I concur that incarcerating one woman, or one anybody, does not outweigh getting out in the open the extent of IRS’s authoritarian repression of dissent. Lefties will poo-poo it (or worse, but to h#ll with them anyway), but if there are any convinceables out there, getting a little truth out may well be worth it.
But even with immunity, will Lois Lerner talk? Does any reader here doubt her loyalty to The Idea, her commitment to The Movement?
If “we” grant immunity, we’d better be damn sure we get our money’s worth. Who in Congress will be up to the task? — especially given the government regime and enemedia trashing sure to follow.
I reluctantly agree also, they are going to need some states witnesses so to speak.
Although, I think she already has de facto immunity from the justice department and white house in terms of a promised pardon or outright lack of prosecution in exchange for silence.
We will never see any serious efforts from eric holders justice department on any crimes against conservatives, gun owners, republicans, verterans etc.
One thing we should not overlook in all this is that Lois Lerner is a career government employee who started out as a staff attorney at the Dept. of Justice, then moved up to the Federal Elections Commission, then up to the IRS.
That tells me she’s a tough, smart cookie because, in my time working with government bureaucrats in D.C., I saw what it took for them to successfully build their careers without getting destroyed by intra-agency politics, which can be very, very ugly.

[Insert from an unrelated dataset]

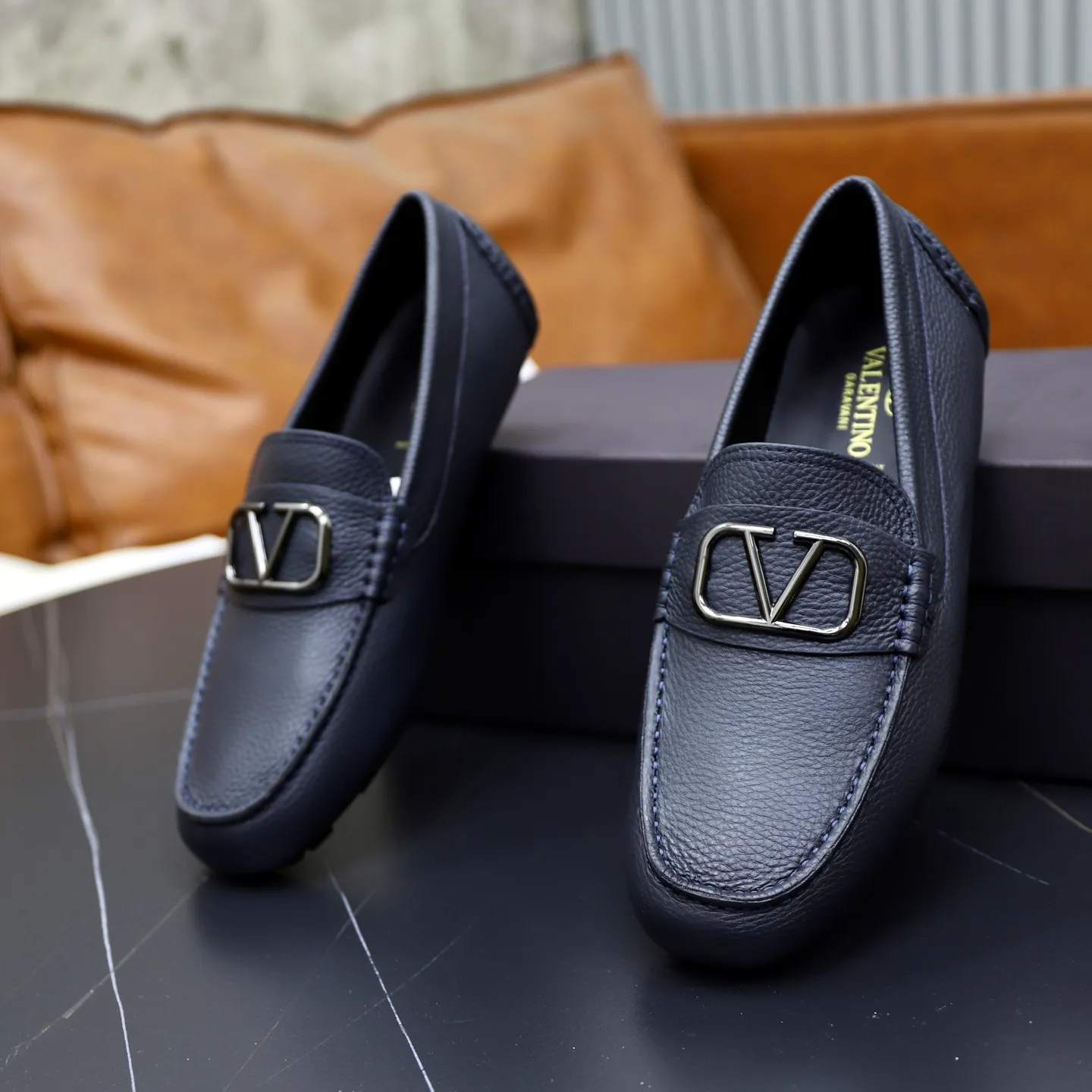 Men's shoes: 640💰VALENTINO, made of imported cowhide with imported water-dyed cow lining, iconic hardware and iconic wear-resistant outsole. 38-45 (customized at 45) VALENTINO packaging All orders enjoy the brand’s iconic product packaging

Since Lois Lerner has been held in contempt of congress; is Eric Holder sending the contempt citation, or planning on sending the citation, to the grand jury? If the answer is no then granting Lerner immunity is the absolutely dumbest thing they could do. Let’s say that Holder refuses to carry out the original contempt citation (which I’m pretty certain how he’ll behave.) What happens if congress immunizes Lerner and she still refuses to testify or pulls the Democrat equivalent of Ollie North testimony? A second contempt of congress citation?

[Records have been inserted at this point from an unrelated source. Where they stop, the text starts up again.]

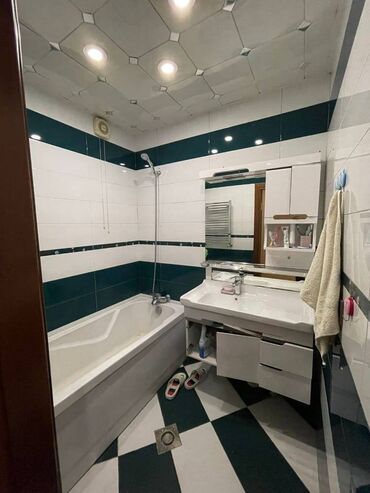 Köhnə tikili: Bakı, Bakıxanov qəs., 4 otaqlı, Köhnə tikili, m. Neftçilər, 120 kv. m — 14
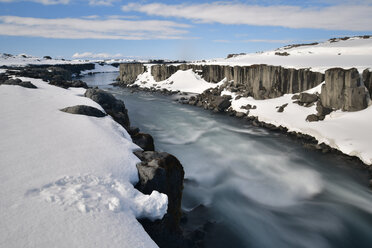 Iceland, Dettifoss waterfall in snow - FDF000184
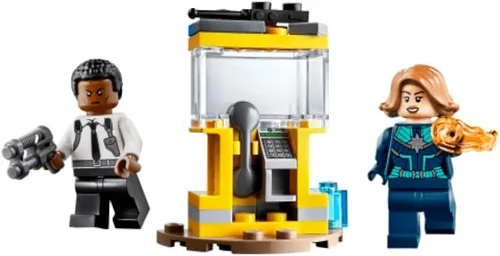 Vista 2 de LEGO Marvel Captain Marvel y Nick Fury - Bolsa de plástico (30453)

My issue with McCarthy’s take on this is that he seems desperate to get something to keep the investigation moving forward; and that immunizing Lerner would, like casting some sort of magical geas on her, compel her to tell the truth, the whole truth and nothing but the truth. My belief is that an immunized Lerner would more likely get up and dance on the table, flip all the attending Republican congressmen the bird then beat her chest yelling, “Watcha gonna do! Huh? Watcha gonna do?”
KRB
The truth of the Obama administration’s scandals will never be known until Obama is out of office (and Holder with him).

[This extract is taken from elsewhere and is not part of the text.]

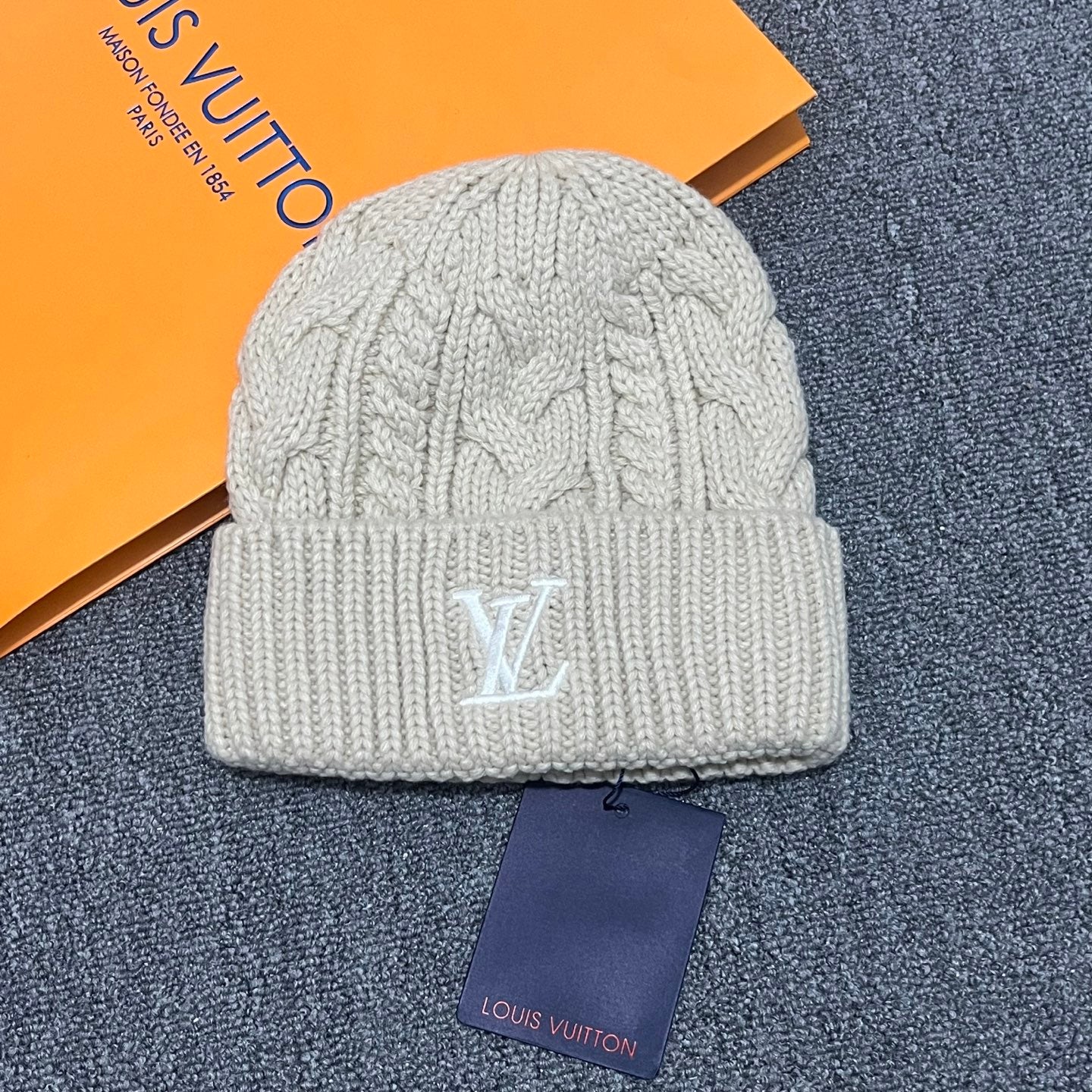 Hardworking Knitted Hat 2025112006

Personally, I’m a big fan of post-tenure prosecutions. I’m not sure they’ve ever happened to much extent in the U.S., since the driving idea seems to be “they’re gone…don’t put the country through this.”
This attitude is taken into account by the lawbreakers.
Milton Friedman said, “The way you solve things is by making it politically profitable for the wrong people to do the right thing.” Expanding on that, you could also say that we should make doing the wrong things expensive.
Political malefactors should worry that their deeds will never be swept under the rug.
From an amoral analytical stance, post-tenure is the best time to prosecute someone: they are at the nadir of their power, and have little ability to obstruct the investigation.
Lerner should maybe start worrying about something a bit more serious than potentially testifying. For instance, it would be a shame if she ended up like Vince Foster or Ron Brown, to name just a FEW.